* [Exercise prompt] Within the records below, repeat each line exactly but keep every picture out of the copy.

Data section start

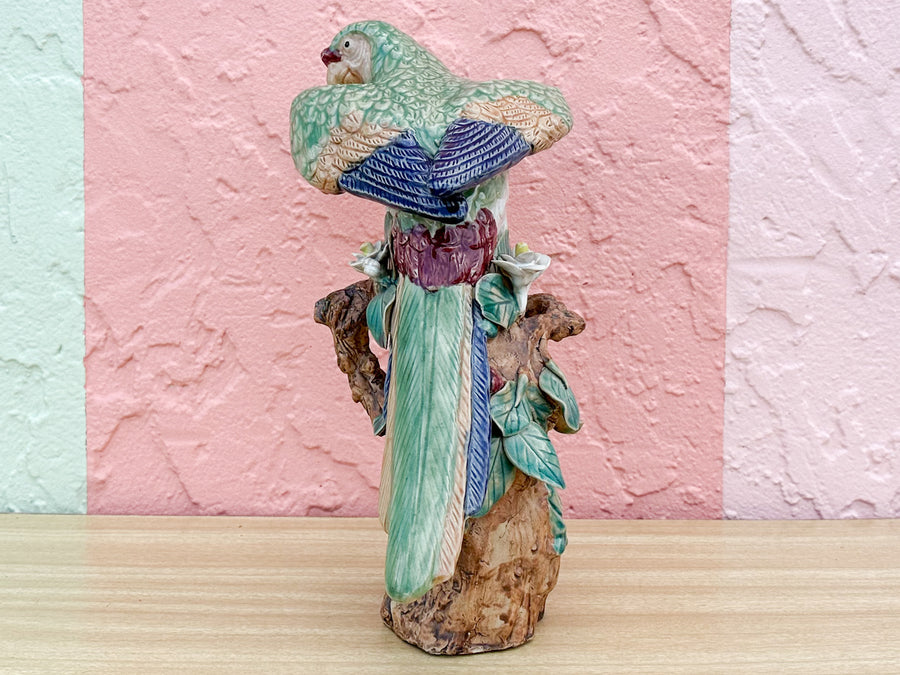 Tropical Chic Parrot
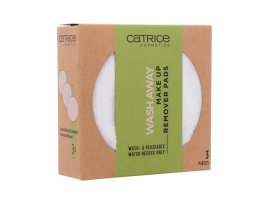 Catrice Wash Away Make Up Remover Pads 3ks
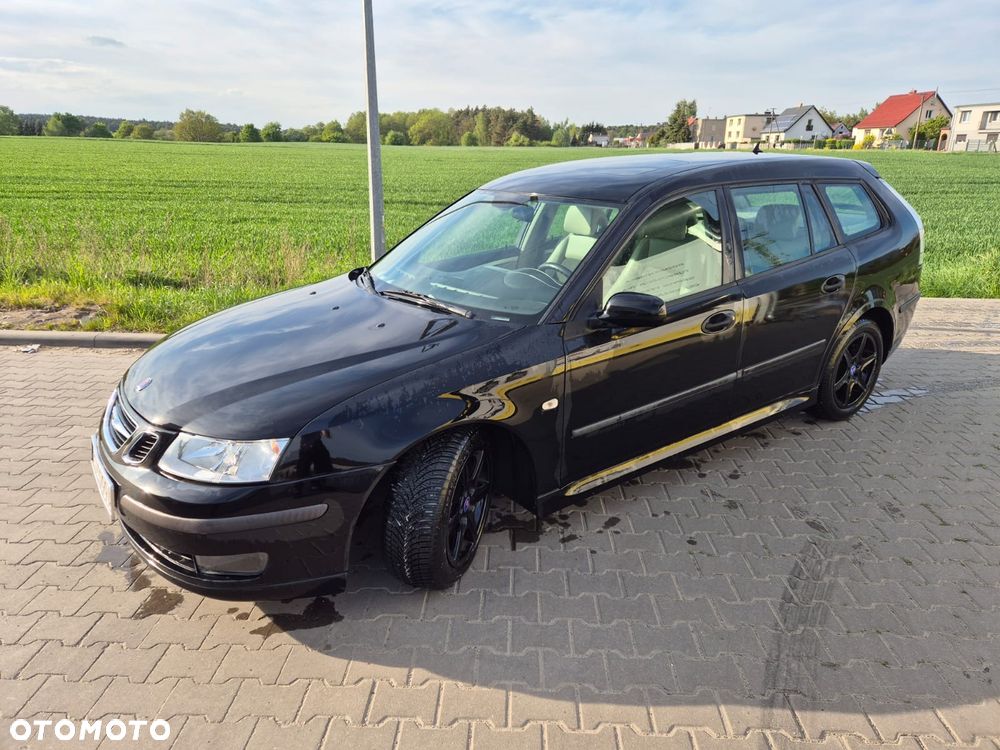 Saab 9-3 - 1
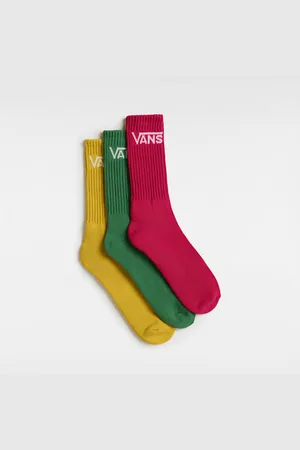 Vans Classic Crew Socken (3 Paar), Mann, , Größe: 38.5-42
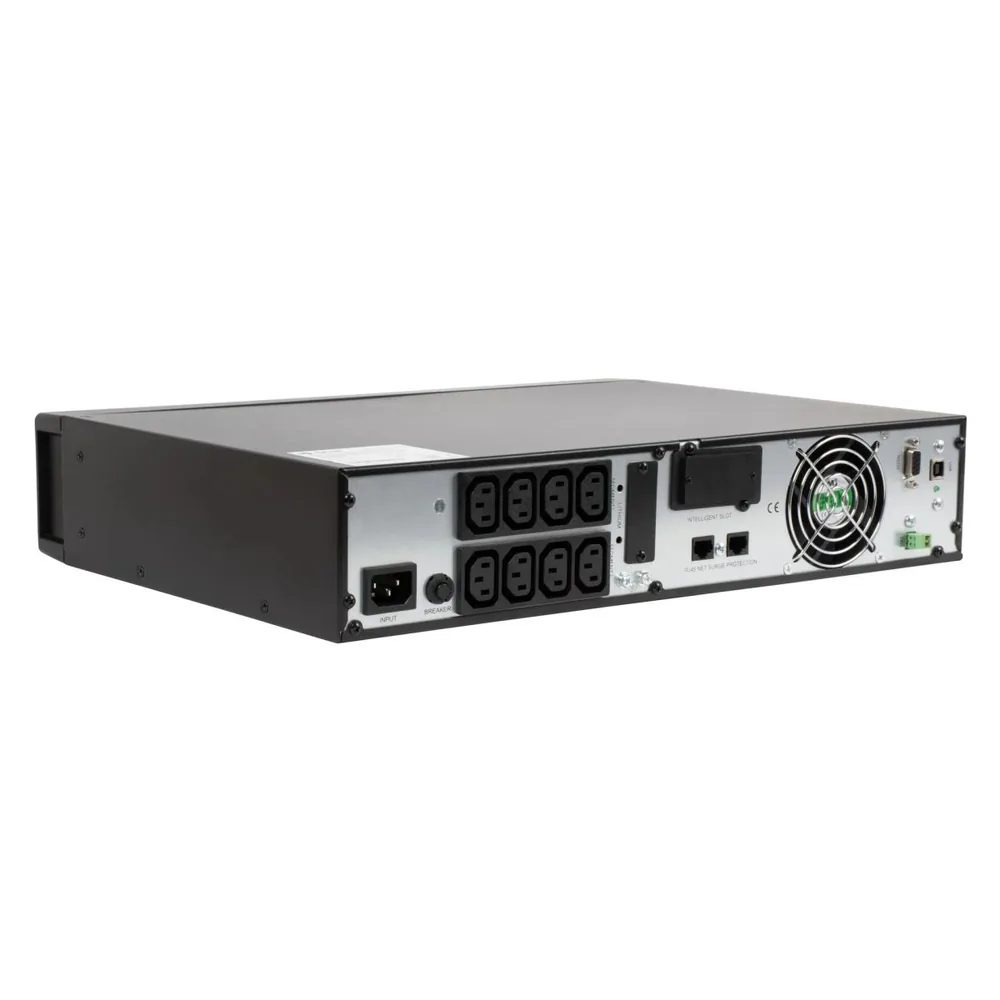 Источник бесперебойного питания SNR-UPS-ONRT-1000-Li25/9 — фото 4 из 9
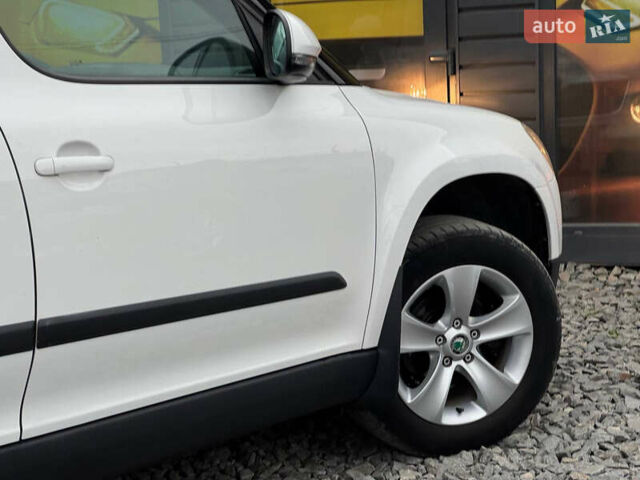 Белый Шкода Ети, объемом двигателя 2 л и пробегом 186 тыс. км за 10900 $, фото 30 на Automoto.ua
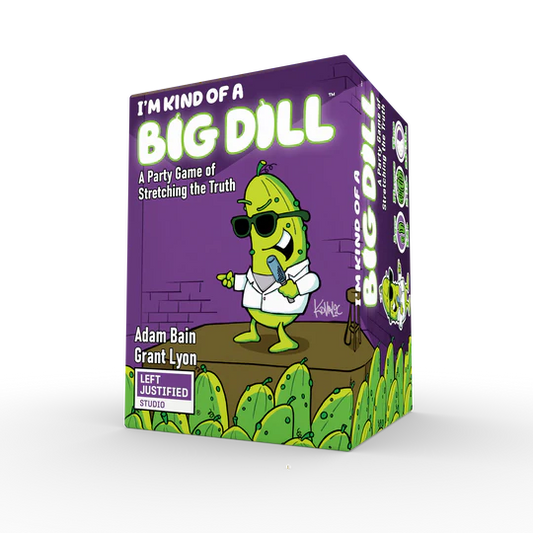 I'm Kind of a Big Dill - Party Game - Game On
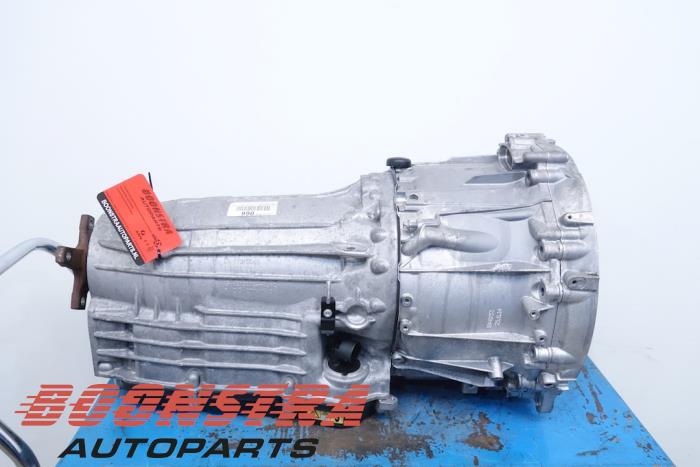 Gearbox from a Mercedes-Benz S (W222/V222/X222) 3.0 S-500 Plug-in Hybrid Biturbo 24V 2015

Data section end

* [Exercise answer]
 Tropical Chic Parrot
 Catrice Wash Away Make Up Remover Pads 3ks
 Saab 9-3 - 1
 Vans Classic Crew Socken (3 Paar), Mann, , Größe: 38.5-42
 Источник бесперебойного питания SNR-UPS-ONRT-1000-Li25/9 — фото 4 из 9
 Белый Шкода Ети, объемом двигателя 2 л и пробегом 186 тыс. км за 10900 $, фото 30 на Automoto.ua
 I'm Kind of a Big Dill - Party Game - Game On
 Gearbox from a Mercedes-Benz S (W222/V222/X222) 3.0 S-500 Plug-in Hybrid Biturbo 24V 2015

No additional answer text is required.